The mountains of data we are about to see on disease intelligence will do something to the fight against infectious disease that no drug will ever do; they will turn our war against pathogens into an offensive battle, rather than a defensive one, for the first time in the history of our species.
¹I think at the time I wrote this, I found Joe Biden to be making needlessly alarmist statements about the severity of the new influenza virus strain. I can’t remember what he said, but now that I’ve seen the alternative — where a public figure tries to downplay the seriousness of a pandemic — I think I prefer Biden’s approach.
²This feels eerie to read now. This is absolutely what happened with SARS-CoV-2. We had detailed sequence information about the virus in the earliest days of the first appearance of COVID-19. The Moderna mRNA vaccine was designed in January 2020. I thought it would take 50 years to get there, as you’ll see later. It took 11.
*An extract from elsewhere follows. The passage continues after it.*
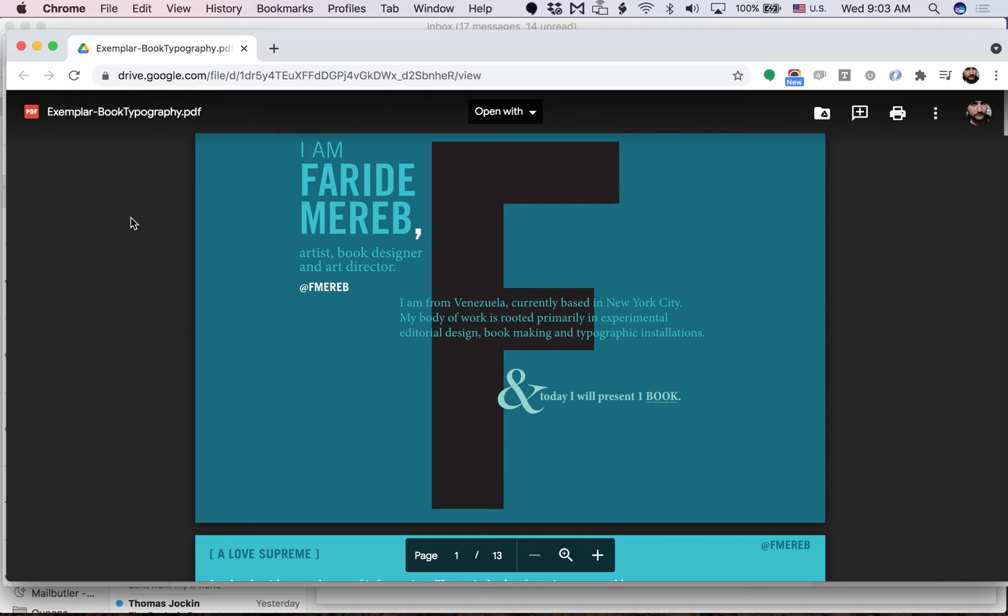This is Thomas Joachim, founder of Type Thursday. Thank you so much for your interest in presenting your book layout, your typography, typographic layout at Type Thursday.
³Unfortunately the X-Prize for Genomics was canceled, but fortunatelythe pace of sequencing innovation hasn’t slowed.
⁴This one hasn’t quite happened yet. However, we do have amazing new visualization techniques that have proven valuable in the study of SARS-CoV-2 and other pathogens. We’ll get there.
⁵However, we do have amazing capabilities to do sequencing and structural assessment now, much more so than in 2009. Part of this is related to advances in computer-based structure analysis that allows us to predict how a new virus’s proteins may look using structures we have determined for closely related viruses.
⁶We are SO CLOSE to this capability now! The genome of SARS-CoV-2 was sequenced rapidly. Within a month of identification it was clear, based on a history of logged global surveillance, that the virus originated in bats in Asia. The evolutionary history of the virus was determined rapidly and that helped us to understand its heritage and origins. The sequence data that made this possible came from surveillance conducted in the decades since the SARS-CoV-1 epidemic. I was dreaming when I wrote this. It’s very close to real now, and that’s amazing. The only reason I say “close” is that it isn’t quite “real-time.” We aren’t at the point where we sequence everyone who comes in as a means of diagnosis. Sequencing happens when something strange is going on. I think eventually we will sequence the pathogens infecting everyone as a matter of routine care, though.
Overall: I don’t think I would write this piece the same way if I had written it today, but I do think that the past 11 years have really changed the way that disease surveillance is conducted. Still, it wasn’t enough to achieve the predictive capabilities that I envisioned here; if it had been, the emergence of SARS-CoV-2 would have been an interesting footnote in a medical journal instead of a global catastrophe.It’s interesting, though, to see how far we have come. We were able to sequence a totally unknown virus within a month or two of its first emergence. Diagnostics to detect it and vaccines to defeat it were designed around the same time as well. What’s more, the speed of these advances was fast and clearly validated the importance of the scientific process. I expect that the world will be more interested in achieving the ability to predict and contain emerging pathogens than it was before the COVID-19 pandemic. In 2009 I thought that our predictive capabilities would take 50 years to arrive, but I now think it could be substantially sooner.